Theorem 1 (Helfgott’s theorem) Let {d = 2,3} and let {k} be either {{\Bbb F}_p} or {{\mathbb C}} for some prime {p}. Let {A} be a {K}-approximate subgroup of {G = SL_d(k)}.

  • If {A} generates the entire group {SL_d(k)} (which is only possible in the finite case {k={\Bbb F}_p}), then {A} is either controlled by the trivial group or the whole group.
  • If {d=2}, then {A} is {K^{O(1)}}-controlled by a solvable {K^{O(1)}}-approximate subgroup {B} of {G}, or by {G} itself. If {k={\mathbb C}}, the latter possibility cannot occur, and {B} must be abelian.

Our main result is an extension of Helfgott’s theorem to {SL_d(k)} for general {d}. In fact, we obtain an analogous result for any simple (or almost simple) Chevalley group over an arbitrary finite field (not necessarily of prime order), or over {{\mathbb C}}. (Standard embedding arguments then allow us to in fact handle arbitrary fields.) The results from simple groups can also be extended to (almost) semisimple Lie groups by an approximate version of Goursat’s lemma. Given that general Lie groups are known to split as extensions of (almost) semisimple Lie groups by solvable Lie groups, and Freiman-type theorems are known for solvable groups also, this in principle gives a Freiman-type theorem for arbitrary Lie groups; we have already established this in the characteristic zero case {k={\mathbb C}}, but there are some technical issues in the finite characteristic case {k = {\Bbb F}_q} that we are currently in the process of resolving.

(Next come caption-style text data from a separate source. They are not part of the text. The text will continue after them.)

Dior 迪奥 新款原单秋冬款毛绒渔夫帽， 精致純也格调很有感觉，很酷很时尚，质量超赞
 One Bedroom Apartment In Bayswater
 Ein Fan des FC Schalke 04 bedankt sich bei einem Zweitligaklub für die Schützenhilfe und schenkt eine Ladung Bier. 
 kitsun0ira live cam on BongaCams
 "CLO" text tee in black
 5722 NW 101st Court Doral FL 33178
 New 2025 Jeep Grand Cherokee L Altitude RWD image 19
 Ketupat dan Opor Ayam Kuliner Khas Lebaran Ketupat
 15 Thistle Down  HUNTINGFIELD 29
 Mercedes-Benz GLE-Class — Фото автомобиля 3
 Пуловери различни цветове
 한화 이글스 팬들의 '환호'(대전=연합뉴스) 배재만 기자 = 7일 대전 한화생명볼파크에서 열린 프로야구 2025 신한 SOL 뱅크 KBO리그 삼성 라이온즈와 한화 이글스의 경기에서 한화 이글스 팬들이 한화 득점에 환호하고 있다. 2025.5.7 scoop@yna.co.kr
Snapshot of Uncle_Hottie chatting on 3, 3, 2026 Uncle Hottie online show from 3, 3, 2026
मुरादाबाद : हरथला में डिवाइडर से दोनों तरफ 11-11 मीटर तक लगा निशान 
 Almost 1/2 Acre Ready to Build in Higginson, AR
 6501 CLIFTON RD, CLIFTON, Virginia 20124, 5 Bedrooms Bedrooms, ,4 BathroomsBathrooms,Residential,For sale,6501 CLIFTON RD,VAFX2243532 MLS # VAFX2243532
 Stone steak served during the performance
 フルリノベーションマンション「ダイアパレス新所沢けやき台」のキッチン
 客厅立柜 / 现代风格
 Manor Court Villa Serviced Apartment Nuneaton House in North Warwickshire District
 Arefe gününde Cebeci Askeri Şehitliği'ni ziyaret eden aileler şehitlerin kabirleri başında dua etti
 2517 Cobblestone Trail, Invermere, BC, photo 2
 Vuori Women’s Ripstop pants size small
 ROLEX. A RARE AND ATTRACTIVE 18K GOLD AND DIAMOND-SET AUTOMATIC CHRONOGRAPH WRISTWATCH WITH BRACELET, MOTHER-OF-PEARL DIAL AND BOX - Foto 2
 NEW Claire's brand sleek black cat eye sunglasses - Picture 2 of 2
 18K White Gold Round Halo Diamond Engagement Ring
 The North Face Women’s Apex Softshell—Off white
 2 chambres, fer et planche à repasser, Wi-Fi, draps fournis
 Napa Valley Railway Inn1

We remark that a qualitative version of this result (with the polynomial bounds {K^{O(1)}} replaced by an ineffective bound {O_K(1)}) was also recently obtained by Hrushovski.

Our arguments are based in part on Helfgott’s arguments, in particular maximal tori play a major role in our arguments for much the same reason they do in Helfgott’s arguments. Our main new ingredient is a surprisingly simple argument, which we call the pivot argument, which is an analogue of a corresponding argument of Konyagin and Bourgain-Glibichuk-Konyagin that was used to prove a sum-product estimate. Indeed, it seems that Helfgott-type results in these groups can be viewed as a manifestation of a product-conjugation phenomenon analogous to the sum-product phenomenon. Namely, the sum-product phenomenon asserts that it is difficult for a subset of a field to be simultaneously approximately closed under sums and products, without being close to an actual field; similarly, the product-conjugation phenomenon asserts that it is difficult for a union of (subsets of) tori to be simultaneously approximately closed under products and conjugations, unless it is coming from a genuine group. In both cases, the key is to exploit a sizeable gap between the behaviour of two types of “pivots” (which are scaling parameters {\xi} in the sum-product case, and tori in the product-conjugation case): ones which interact strongly with the underlying set {A}, and ones which do not interact at all. The point is that there is no middle ground of pivots which only interact weakly with the set. This separation between interacting (or “involved”) and non-interacting (or “non-involved”) pivots can then be exploited to bootstrap approximate algebraic structure into exact algebraic structure. (Curiously, a similar argument is used all the time in PDE, where it goes under the name of the “bootstrap argument”.)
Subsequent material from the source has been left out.